AdFreak caught up with Sara Matarazzo, owner of music company Walker, which coordinated the scoring and recording of the music, to ask how it all came together.
AdFreak: What was the brief for “Dadsong”?
Sara Matarazzo: We worked on the “Momsong” campaign, so the idea for this one was to create the second single off the “album.” The challenge was to create a track as good as the first while keeping the campaign consistent and cohesive.
How is “Dadsong” different from “Momsong,” creatively?
The key difference with “Dadsong” is that we introduced a new perspective to the story. We needed to juxtapose the moms’ feelings with the dads’ through the music. The main melody of “Momsong” was written in an unusually low female vocal range, which contributed to our purposefully homely performances. However, “Dadsong” utilizes a more traditional female range in order to allow the full male register to shine through. The new arrangement of voices helped accentuate that back and forth and allowed us to build the song up to a bigger climactic moment with voices hitting notes all over the pitch spectrum.
Walk us through the creative process.
We worked with Bret McKenzie and Mickey Petralia from Flight of the Conchords on board to compose the music. We have worked with Bret and Mickey on several ads over the years, so this was a nice reunion. We actually wanted to work with him on the first Old Spice spot but he was busy writing music for Muppets Most Wanted [following his Oscar-winning work on 2011’s The Muppets]. I told him, “We have the perfect campaign for you,” and he was available. Of course, he nailed it.
The process started with Bret and I going back and forth with the creatives at the agency to refine the music, melody, chords and arc. When we got to a place where the team was happy, Old Spice gave us the green light and production on the spot began in Prague with director Andreas Nilsson. Once we had rough picture, our music producer Abbey Hickman worked on [voice] casting with the agency to match our actors. Walker engineer Graeme Gibson oversaw working with our casting and creating demos to show all the possibilities and different directions our vocals could be, which helped to choose our favorite takes and piece together the elements. After the singers and musicians were selected, we went to Vancouver to direct and final record with them.

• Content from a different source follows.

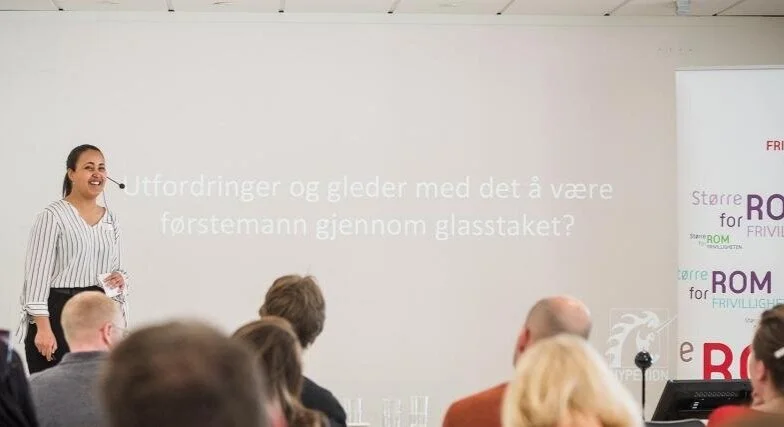 Ikke nok med gode intensjoner!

Musically, the spot feels a bit like the end of a big musical, when the entire cast does the last song. Is that something that was mentioned?
Yes, that was a reference. Mainstream musical theater nowadays is largely based off the past century of popular music (except for Stephen Sondheim and Jason Robert Brown musicals). Take Spring Awakening or Mama Mia, for instance. Both infuse contemporary rock and pop styles with dramatic content to be more relevant to the modern musical watcher … and sell more tickets. Furthermore, the most passionate songs in a musical are the numbers that bookend the acts and those songs usually utilize the entire cast. “Dadsong” is like the end of one of these musical numbers because it’s passionate, dramatic, musically modern and features a large ensemble.
Which particular musical styles or genres is the spot based on?
Classic rock ballads and operatic recitative.
How is working on a project like this different from other ads you do?
These spots are special because we are involved not just in post but from the beginning of the job and throughout the process. You collaborate on ideas that end up in the campaign. Music can be subjective and go through many mutations, but with this campaign, the song and the spot are one and the same.